By Julie Steenhuysen and Jennifer Rigby
CHICAGO/LONDON (Reuters) - Sexual health clinics on the frontline of the monkeypox response are already financially stretched, leaving the United States and UK ill-equipped to tackle the first major global health test since the COVID-19 pandemic.
Infectious disease experts say sexual health clinics - which offer confidential walk-in diagnosis and treatment – are best placed to identify and treat cases of monkeypox, which is largely affecting men who have sex with men.
Yet such programs are doing so largely without additional funding despite years of financial neglect. There is little data on funding for sexual health services globally, but experts agree that the sector is under-resourced.
That has impeded the monkeypox response and diverted scarce resources needed to curb rising rates of other sexually transmitted diseases (STD), sexual health experts in the UK and the United States told Reuters.
This lack of resources could result in further spread of monkeypox, they said. According to the World Health Organization (WHO), the outbreak has reached 63 countries.
"This is a gap and a weakness in our public health system that monkeypox has exposed," Dr. Meg Doherty, director of the WHO's Global HIV, Hepatitis and STIs Programmes, said in an email.
"Even among high income countries, funding for sexual health globally is decreasing or remains unfunded," she said.
Although monkeypox is being transmitted through sexual contact, the virus can infect anyone who comes in contact with pus-filled sores, body fluids, respiratory droplets or contaminated linens.
Clinic staff must take extra time cleaning exam rooms and buy additional protective gear. When added to chronic low staffing, a problem exacerbated by the COVID pandemic, appointments can be hard to come by. Testing equipment in the United States is also in short supply.
Monkeypox has been endemic in parts of Africa for years, but since early May, the virus has been spreading rapidly in other countries mainly among gay and bisexual men, who often present with rashes in the genital and anal area that doctors may confuse with herpes or syphilis. Out of 11,500 confirmed cases globally, 1,469 are in the United States and 1,856 are in the UK, according to a Reuters tally.
In Spain, with 2,447 cases - the most in the world - patients are being seen in hospitals and health clinics. Local health authorities said they added extra testing capacity early in the outbreak and the health system was not under pressure.
Data from a UK charity called the Health Foundation show England's sexual health services' budget was cut by 14% over a six-year period ending in fiscal 2022. UK clinics have yet to receive any new funding to meet the additional monkeypox demand.
In the United States, funding for sexual healthcare and research likewise has dwindled, said David Harvey, executive director of the National Coalition of STD Directors (NCSD).
"Monkeypox has shone a glaring light on this fact. Broadly speaking, the STD field has been vastly underfunded for 20 to 30 years," said Harvey, whose group has requested $100 million in funding to address the monkeypox outbreak.
Federal funding for STD programs has remained relatively flat in the past two decades - $168.5 million in 2003 vs $152.5 million in 2022 - a 40% drop when accounting for inflation, according to the NCSD. State and local investments also have fallen, even as STD rates reached all-time highs, according to a 2021 National Academies of Sciences, Engineering and Medicine report.

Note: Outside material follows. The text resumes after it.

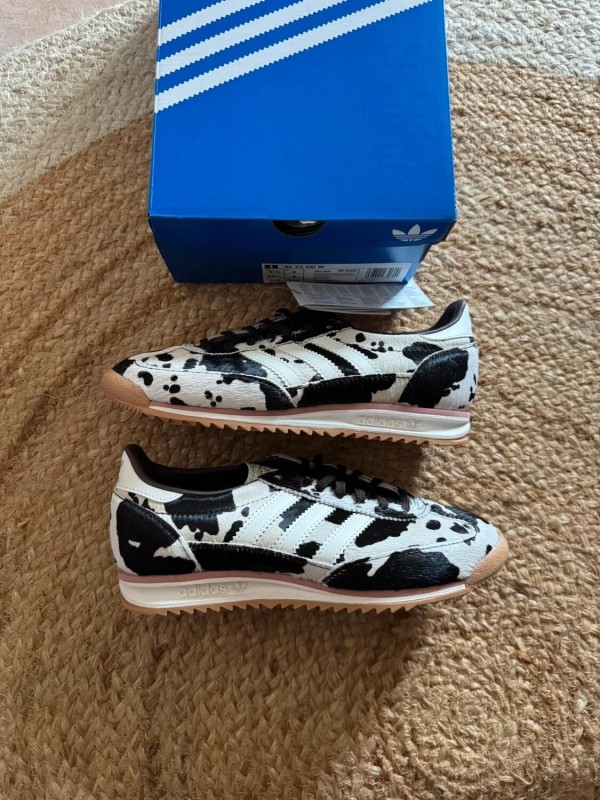 adidas sl72 Cow - taille 36,5 2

A survey of NCSD's membership released on June 12 found that 42.7% of U.S.-based sexual health clinics have access to appropriate testing swabs, and less than 20% have appropriate tubes for collecting monkeypox specimens for transport to clinical labs.
With limited providers and appointment slots, clinics must triage patients, prioritizing those with pain or rash or suspected monkeypox. That has left asymptomatic patients and those in need of other services without care.
Harun Tulunay, 35, a sexual health advocate who is HIV positive and was recently hospitalized with monkeypox in London, knows of friends whose sexual health appointments were delayed or unobtainable "because they (clinics) are too busy dealing with monkeypox."
He is not surprised, as he experienced the time-consuming decontamination efforts when he was diagnosed.
"We see it overwhelming clinics," he said. "If we suddenly have 5,000 cases, what will happen?"
Last week, a coalition of sexual health/HIV organizations in the UK called for urgent funding support, seeking £51 million ($60 million) for sexual health services to "contain and eliminate monkeypox" as some clinics reported drastic drops in essential services.
Part of the issue is that funding for HIV and other sexually transmitted infections is largely separate, especially in the United States.
"There's been a lot of money put into HIV, which is appropriate, however, STI has been a pauper," said Dr. Matt Golden, director of the HIV/STD clinic serving Seattle and Washington state's King County. His clinic has diagnosed half of the area's monkeypox cases as well as provided vaccines and treatment guidance.
Experts in both countries agreed that monkeypox was a wake-up call for more investment in sexual health. "It is time we do something," said NCSD's Harvey.